BEST PICTURE: I find it amazing that out of the nine films nominated five of them are based on a true story. I have to say that I was a bit disappointed that The Book Thief wasn’t included in any of the nominations. I found it an incredibly touching film that moved me at my core. Also, I missed out on seeing Inside Llewyn Davis so I can’t comment on whether or not that film should have been included. All of the films nominated were good for different reasons, but I believe the film that will win the prize will be 12 Years a Slave. American Hustle has received quite a bit of buzz, but I don’t think it will take home many, if any Oscars. 12 Years a Slave is a film that was extremely difficult to watch and left me feeling ashamed of my race, but it is totally deserving of Best Picture and seems to have the momentum.
BEST DIRECTOR: It isn’t often that Best Picture and Best Director Awards are split, but I believe that will happen this year. Alfonso Cuaron deserves the statue for Gravity. The film was mesmerizing and left me asking myself ‘how’d they do that?’ This film will take home quite a few more Oscars. I predict Oscars for Gravity for Best Film Editing, Cinematography, Sound Editing, Sound Mixing and Visual Effects.
BEST ACTOR: Chiwetel Ejiofor could possibly win for 12 Years a Slave, but I believe it will and should go to Matthew McConaughey. First of all, Hollywood often rewards actors/actresses who go to great physical extremes for their character, and McConaughey lost about 45 pounds for this role. As someone who is presently working on losing a few pounds, I admire his tenacity. He was also quite riveting and believable in the role.

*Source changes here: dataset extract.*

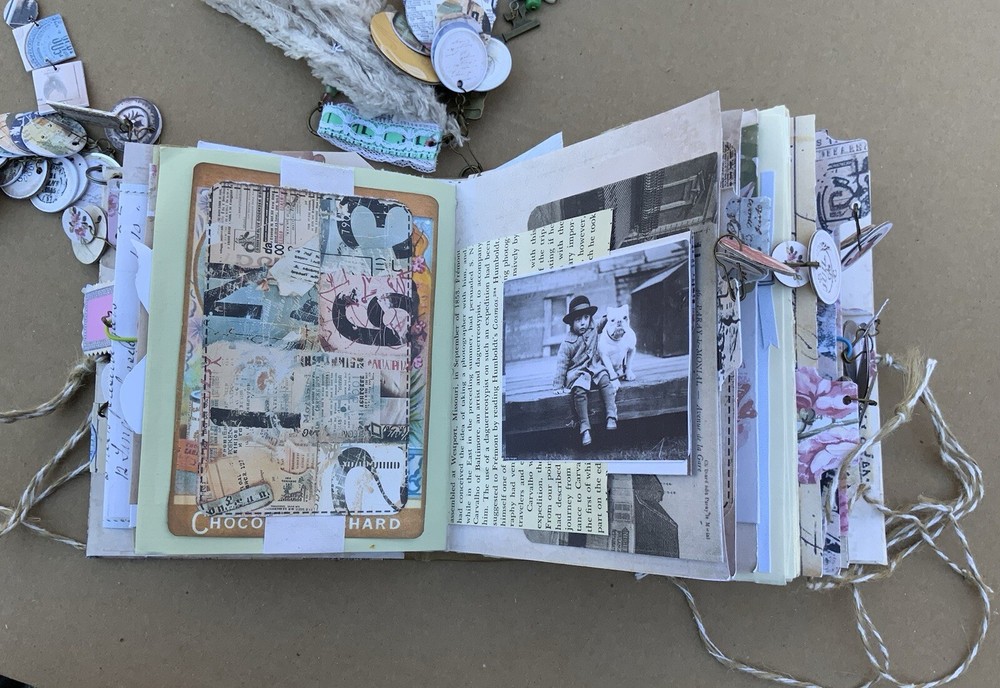 Handmade Junk Journal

BEST ACTRESS: This one is tough. Meryl Streep was awesome in August: Osage County, but she’s already won 3 Academy Awards and most people think she’s won even more than that as she’s been nominated 18 times. There has been a lot of talk about Amy Adams, and while she was good, I don’t believe she will win. When I saw Sandra Bullock in Gravity I knew she would be nominated. It has to be difficult to act in a film basically alone and against a green screen much of the time. However, the actress whose has been raking in all the awards (very deservedly) is Cate Blanchett for her role in Blue Jasmine and I believe she will take home the Oscar as well.
BEST SUPPORTING ACTOR: This one feels like a slam dunk. It will be Jared Leto from Dallas Buyer’s Club….no contest. All of the other actors were great. Barkhad Abdi in Captain Phillips, Michael Fessbender in 12 Years a Slave, Bradley Cooper in American Hustle and Jonah Hill of The Wolf of Wall Street are all great actors, they just picked the wrong year to compete.
BEST SUPPORTING ACTRESS: I know there is a lot of buzz about Jennifer Lawrence in American Hustle and she just won last year, so there is some momentum for her to win two years in a row. There is also some sentiment for June Squibb to finally win an Oscar for her role in Nebraska. However, I believe the statue will go to Lupita Nyong’o for 12 Years a Slave. She has certainly won the hearts of the world with her heart-wrenching performance and I, for one, can’t wait to see what she wears on the Red Carpet.
I did not see any of the films nominated for BEST ANIMATED FEATURE, although I intend to see Frozen soon and the word among critics seems to be predicting it to win.
The Academy Awards is only a few days away and I’m looking forward to Ellen DeGeneres as host once again. My husband and I will each fill out our ballots and sit down in our living room on Sunday night to enjoy the show. I almost hope some of my predictions don’t come true as it seems like the Awards show has become way too predictable. I miss the days when strange and unpredictable things happened….like someone streaking out across the stage. Also, is it too much to ask for some interesting acceptance speeches…. forget the long list of people to thank and please tell us something unique and memorable!
It won’t matter to me how late the show runs as I’ll be retired. Unfortunately my husband will have to get up early to walk the dog and go to work….ah well. Life is Sweet. See you at the movies!